3D Modeling And Virtual Reality Tech Patents For Body Labs
Patents that will help you see clothing modeled by a 3D version of your own body.
(3D modeling personalized for try on)
3D capture and 3D modelling company Body Labs is already one of the leading names in capturing and analyzing the human body’s shape and transforming it into fully-manipulable 3D assets. Their technology uses advanced software and algorithms to convert a standard 3D scanned body into a mathematically-accurate, 3D digital avatar that can be posed, animated or analyzed. Their already impressive technology is about to get a boost thanks to a new agreement that grants them exclusive rights to a pair of Brown University-held patents and licenses for several new 3D technologies developed by Max-Planck-Innovation GmbH.
Body Labs’ ability to create accurate 3D models of the human body using data captured from a variety of sources will be expanded with the addition of U.S. Patents 9,189,886 B2 and 2013/0249908 A1. The patents include proprietary technology developed using research conducted by computer vision scientist Michael J. Black that allows the generation of 3D avatars capable of realistic and anatomically accurate movements and poses using a statistical model of human shape, pose and motion. The Body Labs process uses machine learning algorithms and a comprehensive set of human shapes and poses to convert measurements or scans into statistically-accurate body geometries.

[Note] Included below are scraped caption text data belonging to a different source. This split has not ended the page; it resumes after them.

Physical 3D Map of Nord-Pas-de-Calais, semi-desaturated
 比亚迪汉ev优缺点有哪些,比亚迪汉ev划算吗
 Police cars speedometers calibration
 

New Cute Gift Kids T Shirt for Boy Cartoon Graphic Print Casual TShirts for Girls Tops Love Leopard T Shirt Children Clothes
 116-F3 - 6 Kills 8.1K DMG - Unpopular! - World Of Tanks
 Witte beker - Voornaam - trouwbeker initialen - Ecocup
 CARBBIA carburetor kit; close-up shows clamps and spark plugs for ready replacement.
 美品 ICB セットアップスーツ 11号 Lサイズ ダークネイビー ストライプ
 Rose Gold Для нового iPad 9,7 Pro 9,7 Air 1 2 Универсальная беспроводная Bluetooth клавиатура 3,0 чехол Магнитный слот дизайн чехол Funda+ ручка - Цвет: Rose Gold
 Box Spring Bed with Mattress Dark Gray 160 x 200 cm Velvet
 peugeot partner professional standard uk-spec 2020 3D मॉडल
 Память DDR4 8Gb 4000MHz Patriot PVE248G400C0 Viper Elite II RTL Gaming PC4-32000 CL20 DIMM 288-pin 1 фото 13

Fans of H.G. Wells may recall an amazing display that showed little figures modeling clothing to aid customers in selecting clothing mentioned in his 1899 story When the Sleeper Wakes:
He opened the roller with a quick movement, and a confusion of brilliant fabrics poured out over his knees. "You lived, Sire, in a period essentially cylindrical -- the Victorian. With a tendency to the hemisphere in hats. Circular curves always. Now --" He flicked out a little appliance the size and appearance of a keyless watch, whirled the knob, and behold -- a little figure in white appeared kinetoscope fashion on the dial, walking and turning. The tailor caught up a pattern of bluish white satin. "That is my conception of your immediate treatment," he said...
"In your days they showed you a fashion-plate," said the tailor," but this is our modern development See here." The little figure repeated its evolutions, but in a different costume. "Or this," and with a click another small figure in a more voluminous type of robe marched on to the dial.